Historiquement, l’art s’est toujours confronté aux institutions, à l’autorité et au public, que ce soit de manière délibérée ou involontaire. Le mouvement artistique transgressif, qui cherche à perturber les codes en vigueur, est parfois perçu comme une agression par le public. La ligne est souvent mince entre agression et transgression, témoignent des étudiants et des étudiantes en art à l’Université du Québec à Montréal (UQAM).
Il y a plus de 300 ans, Molière questionnait les aristocrates et leur duperie dans Tartuffe. La pièce a créé un scandale et a été censurée à plusieurs reprises avant d’être rejouée.
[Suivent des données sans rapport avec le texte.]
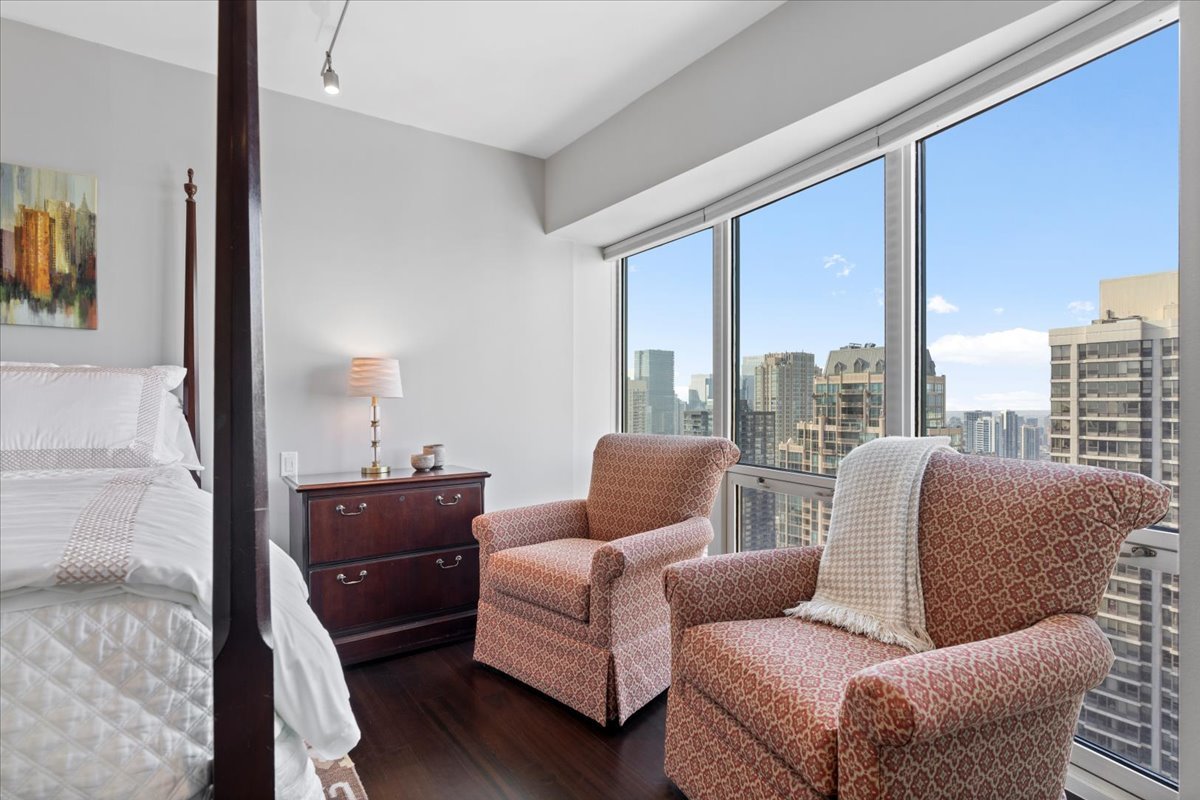 100 East Huron Street, Unit 4101 Chicago, IL 60611 - Photo 21 of 33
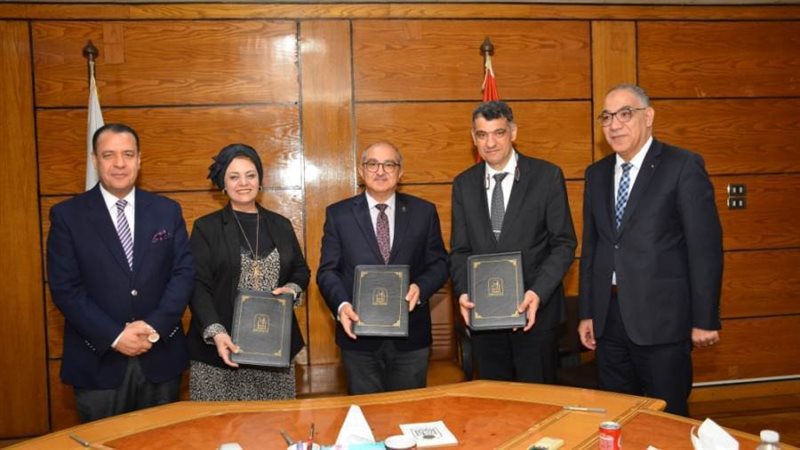 اتفاقية تعاون ثلاثى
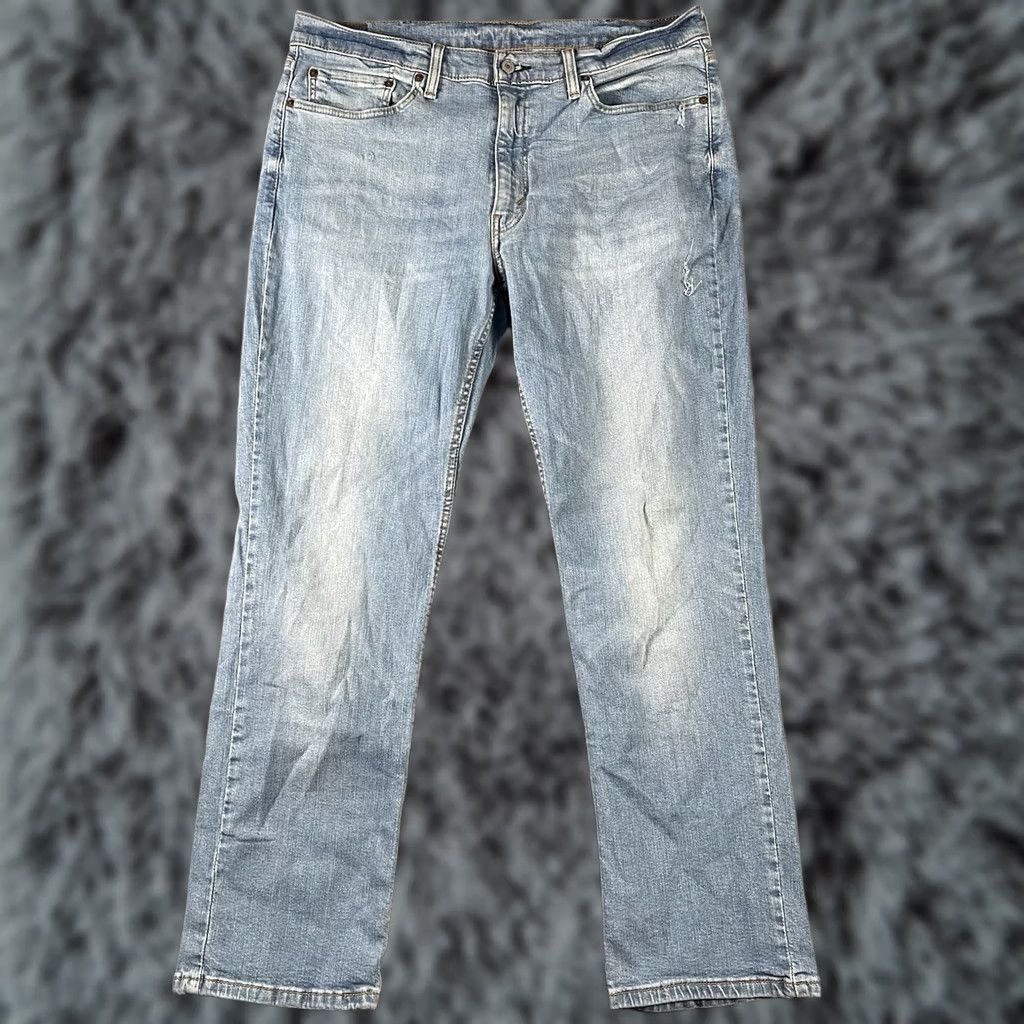 Levi's Levi's 514 Jeans Men 38X32 Light Blue Wash Distressed Straight Leg Regular Rise 5-Pocket Denim USA 90s Grunge Size US 38 / EU 54 - 1 Thumbnail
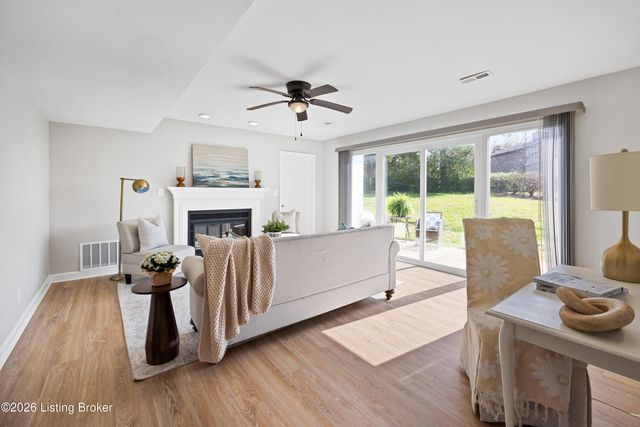 3103 Carriage Hill Dr, Louisville, KY 40241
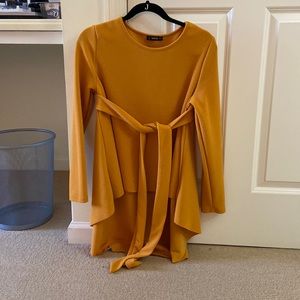Long sleeves top - can be with on or off the belt - yellow - size M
Aujourd’hui, Tartuffe est étudié dans la plupart des écoles de langue française et ne choque plus personne. Ce qui était transgressif est maintenant devenu institutionnalisé.
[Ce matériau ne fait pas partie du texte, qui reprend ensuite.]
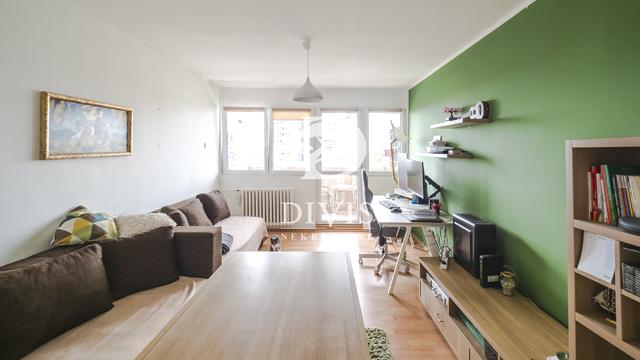 Stan, Trosoban, Prodaja, 62m2, Zemun, Banijska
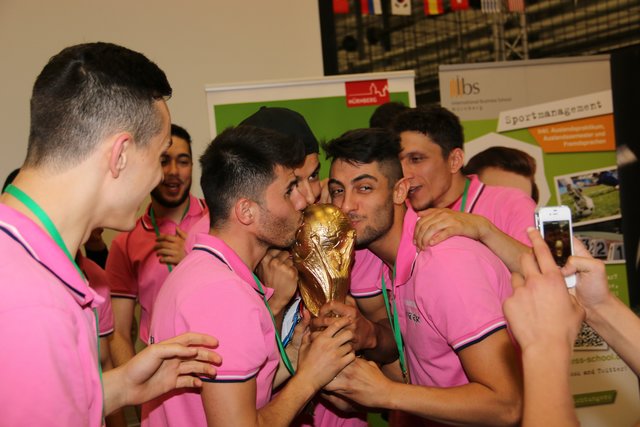 Siegermannschaft ,,Elfenbeinküste" der der Team Nürnberg Partner WM 2014. | Foto: John R. Braun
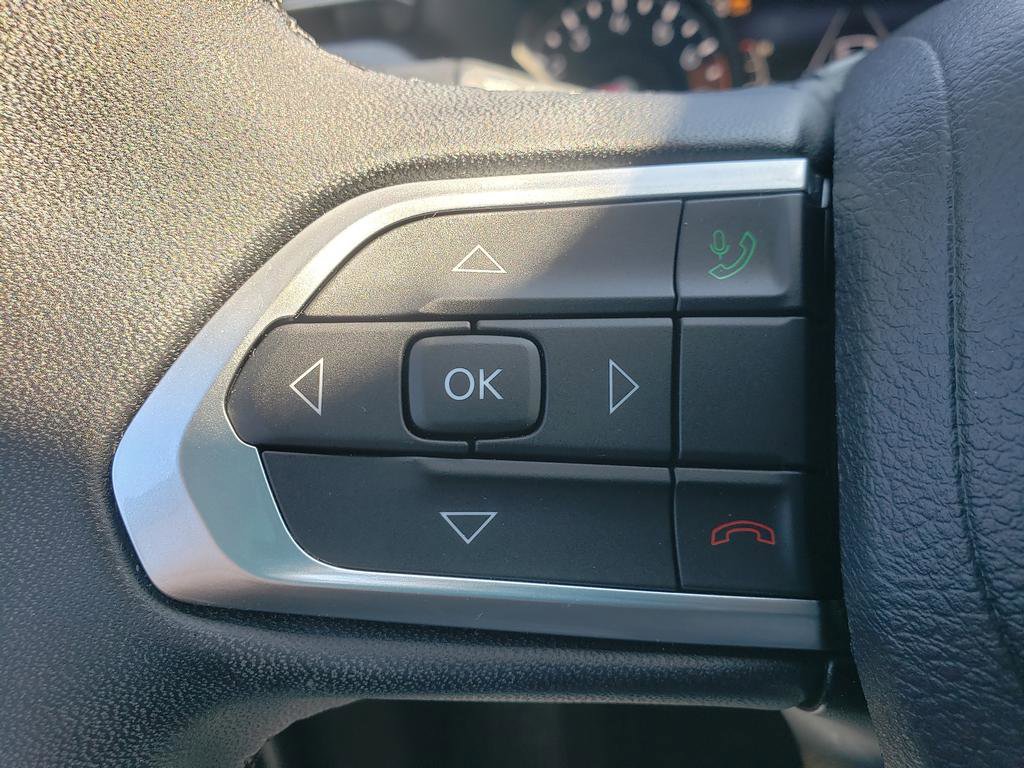 Used 2024 Jeep Compass Latitude image 22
Serge Brideau, chanteur et membre du groupe indie rock Les Hôtesses d’Hilaire, raconte comment le phénomène de la transgression prend forme de nos jours. « On donnait un show à un festival, puis il y avait un ministre du Nouveau-Brunswick dans la section VIP. Déjà que je n’étais pas trop chaud à l’idée d’une section VIP, il portait le nom d’une compagnie pétrolière. Je lui ai fait un doigt d’honneur. Je savais que ça allait faire jaser », raconte-t-il. Dans ce cas, la confrontation est dirigée envers une institution.
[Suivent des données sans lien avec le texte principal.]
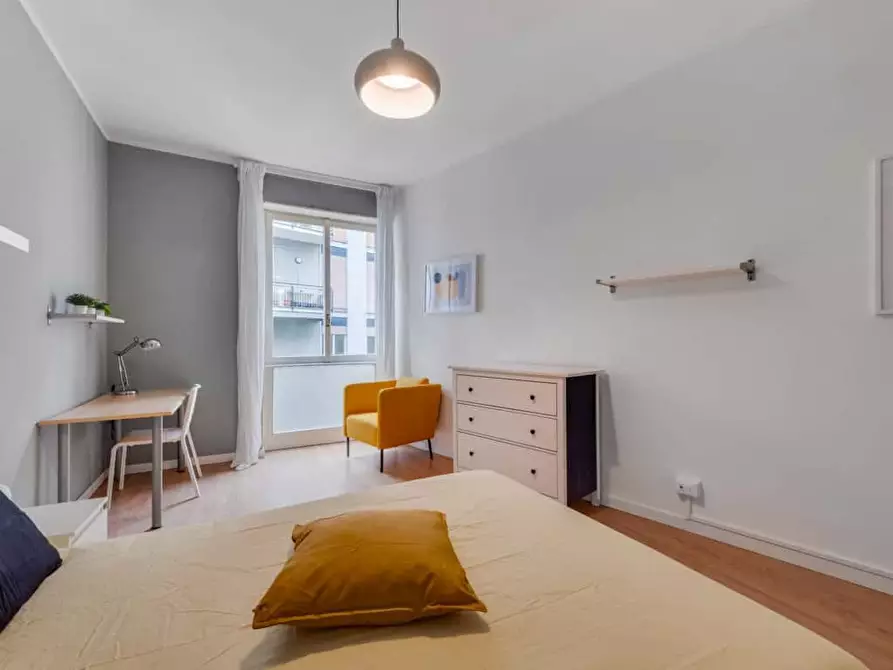 Immagine 2 di Camera in affitto  in Piazza Geremia Bonomelli4 a Milano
Le film Jeanne Dielman, 23 quai du commerce, 1080 Bruxelles de Chantal Akerman a été sacré meilleur film de tous les temps par le prestigieux palmarès du British Film Institute en décembre dernier, ce qui a créé un choc, tout comme sa sortie au Festival de Cannes en 1972. Durant cette projection, la moitié de la salle avait quitté les lieux et une querelle avait éclaté entre l’autrice Marguerite Duras et Akerman. Cette fois, l’œuvre a outré le public. La transgression, qu’elle veuille choquer ou non, prend donc différentes formes selon le contexte.
Transgression ou agression ?
La provocation artistique ne proviendrait pas d’un désir de blesser, mais plutôt de porter un message. Selon Stéphanie Boutin, professeure en psychologie à l’UQAM et spécialiste du comportement antisocial et du développement de l’agression, « la différence entre la transgression et l’agression est dans l’intention. Pour commettre une agression, on a l’intention de faire du mal à quelqu’un », explique-t-elle.
Serge Brideau croit que le rôle de l’artiste est d’être un ou une porte-parole et de provoquer des conversations. « Ce n’est pas pour attirer l’attention sur ce que les Hôtesses d’Hilaire font. Quand je provoque, c’est que quelque chose en arrière m’agace », souligne-t-il.
Selon le chanteur, on doit avoir un ego assez fort pour porter ce rôle, surtout dans un contexte médiatique où plusieurs peuvent et veulent se faire entendre. « J’essaie de faire du bruit dans une tempête de bruits. Avec un discours-choc, ça attire l’attention », ajoute l’artiste.
Économie, culture et art contemporain
Des enjeux économiques portent l’art contemporain à transgresser, selon Aurélie Brunelle, étudiante en danse à l’UQAM et danseuse flamenco. La transgression est devenue une façon de monétiser l’art contemporain, soulève-t-elle.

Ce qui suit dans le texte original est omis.